Thal recalls making a trip to Massachusetts in an effort to find work for Dylan: "In Springfield, the manager wasn't interested in a new, unknown performer. He wanted Dave, which was fine, but I had gone there primarily to try to get a booking for Bob. I could have booked Dave just by calling, but I had known that I'd have to generate interest in Bob, and had brought a tape to play. The Club 47 in Cambridge, where there was a flourishing folk music scene, wouldn't hire Bob. 'He's too freaky for a folk music audience,' the manager told me…The audition tape Bob made before I went to Massachusetts was recorded in the Gaslight. It's a quarter-track, reel-to-reel tape made on the Ampex I had bought for Dave. I had a studio make a vinyl recording of the tape, and insisted that the studio promise not to make any others…Years later, a pirated copy was used to produce a bootlegged album."

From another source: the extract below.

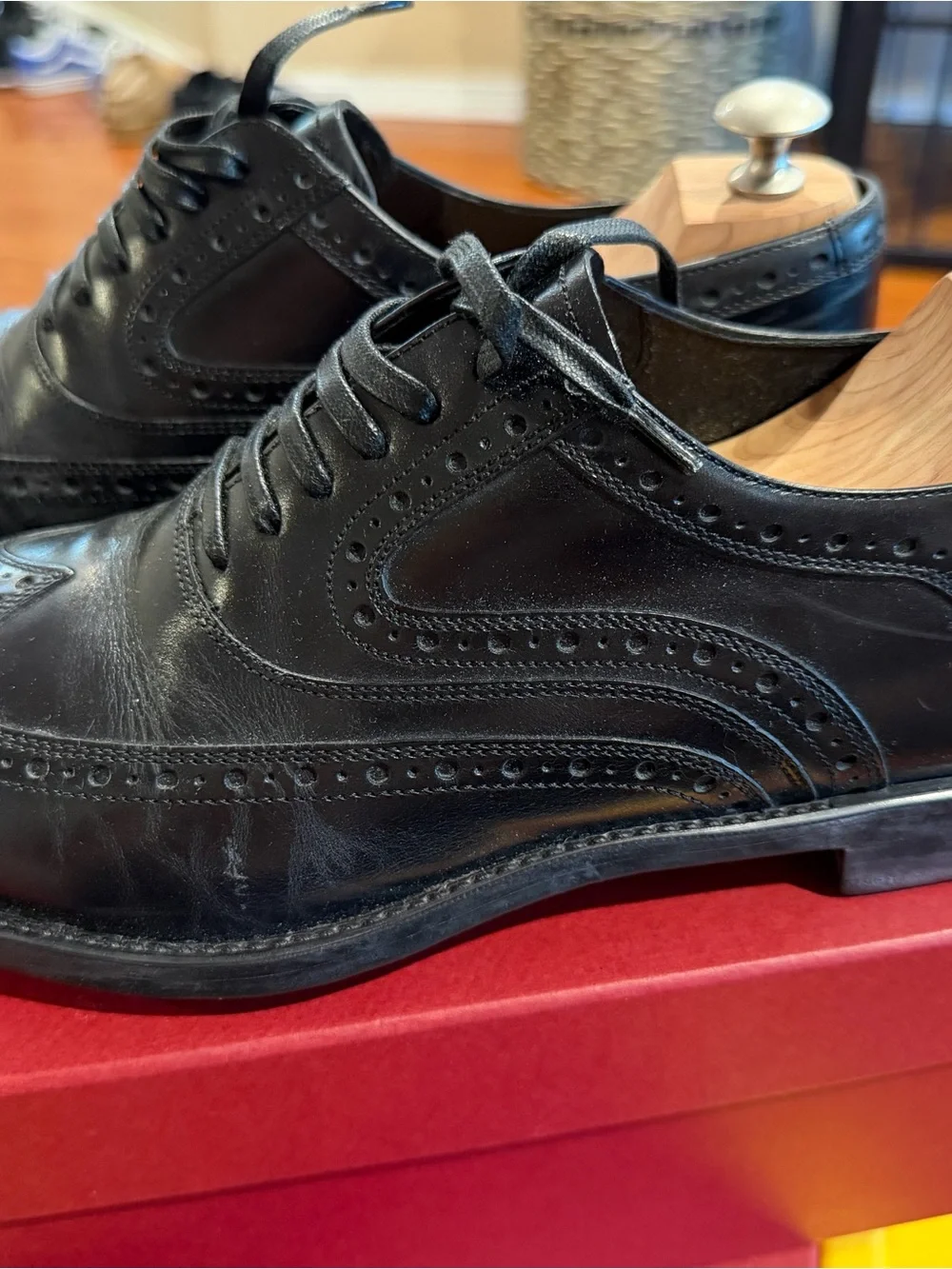 Salvatore Ferragamo Black Leather Wingtip Derby Shoes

She goes on to discuss her rediscovery of this tape while working on her memoir: "I had not played the original tape since the early 1960s, when it was made, and didn't know whether there was still any sound on it. In early 2023, writer Richard Barone introduced me to Steve Addabbo, owner of Shelter Island Sound, a studio that has worked on Bob Dylan recordings. Steve played the tape in his studio. Not only was there still sound on it, the sound is clear and stunning. It's a wonderful sample of Bob's early music." The tape is accompanied by Addabbo's digital transfer; the sound quality is clear and stunning, far superior to any bootlegged examples of the Gaslight set.
The tape has been rehoused in an Ampex box, but the original Soundcraft Plus-100 box cover panels are included, boasting a handwritten track list.
Note: No copyright, license, or any other rights in or to the music contained on these tapes is conveyed, implied, or claimed in connection with the sale of these tapes. This sale is of the tangible personal property constituted by the physical tapes themselves only, which RR is selling at auction on consignment from the legal owner thereof.